VO and ADEC identifiers
Alberto Accomazzi
aaccomazzi at cfa.harvard.edu
Wed Sep 17 06:45:44 PDT 2003
Hi Arnold and Ray,
I've also been thinking about Ray's proposal, and in the last couple of
days I have read up on the IVOA identifier WD and spoken to both
Guenther and Arnold about this.
I think the proposal is good and can be adopted for use by the ADEC
dataset linking/verification system. For the sake of clarity (and to
confirm that I am fully understanding what Ray is proposing) let me
restate a few things. Ray, please let me know if this matches up with
what you have been thinking.
The identifier to be used in journals to refer to a dataset will be in
the form:
authorityID/datacollection#PrivateID
where both "authorityID" and "authorityID/datacollection" have entries
in the registry. PrivateID can be anything the authorityID has chosen
it to be, and represents a unique identifier that has been assigned to a
dataset within the particular data collection.
For instance, MAST has a number of missions it holds data for, each with
a set of datacollections available (see
http://archive.stsci.edu/dataset_verifier.html).

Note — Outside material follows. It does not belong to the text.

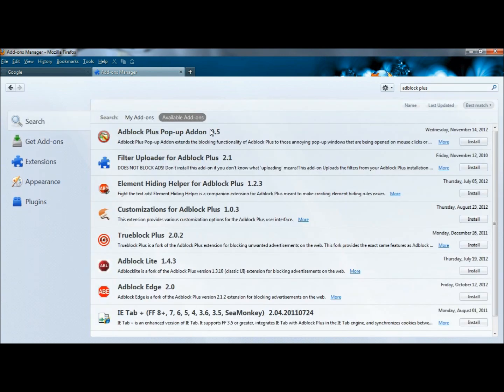To install Adblock Plus, go to the right of the page and click on the Install button. Once it's installed, I'm going to go to YouTube.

Assuming the
authorityID of "NASA.HST" has been created for the HST mission , the
identifiers for its datasets would look something like this:
NASA.HST/STIS#O4LT010E0
NASA.HST/ACS#J8FF03021
NASA.HST/WFPC2#U32L0104T
...
I'm not sure what to do with missions that do not currently have
explicit datasets defined for them, e.g. IUE. One solution would be to
allow the identifiers to have an empty datacollection:
NASA.IUE/#LWP25899
This would be akin to being able to specify URLs of the kind
http://ads.harvard.edu/ rather than http://ads.harvard.edu/index.html,
but it complicates things a bit when it comes to implementing the
registry lookup, since NASA.IUE would have to appear as both an
authority ID and a datacollection. Or maybe we should similarly
stipulate that a default data collection name should be used if none has
been specified.
Also, while we're at it, I would suggest specifying an explicit scheme
prefix to indicate what domain these identifiers belong to. I'm
thinking of simply prepending vo: or vo:// to it, like Ray has specified
in the VO identifier WD:
vo://NASA.HST/STIS#O4LT010E0
This will clearly mark the identifier unanbiguously as something that
needs to be resolved against the VO registry. It also means that in
principle we can mix identifiers of different kinds in our documents and
leave the resolution to the appropriate authorities and tools. This is
similar to what the DOI foundation does for their own identifiers, which
use a syntax of "doi:authority/object_id" (Speaking of DOIs, there is
no reason in my mind why we could not make use of them as well, but I'll
save that for another discussion).
I still have some questions about how the deployment of resolvers should
take place both in the short and in the long run, but I don't see a
reason why this should stop us from adopting this syntax right away.
-- Alberto
Arnold Rots wrote:
> Ray,
>
> I have been mulling this over and I am not sure what the merit is of
> introducing a third element into the ADEC identifier.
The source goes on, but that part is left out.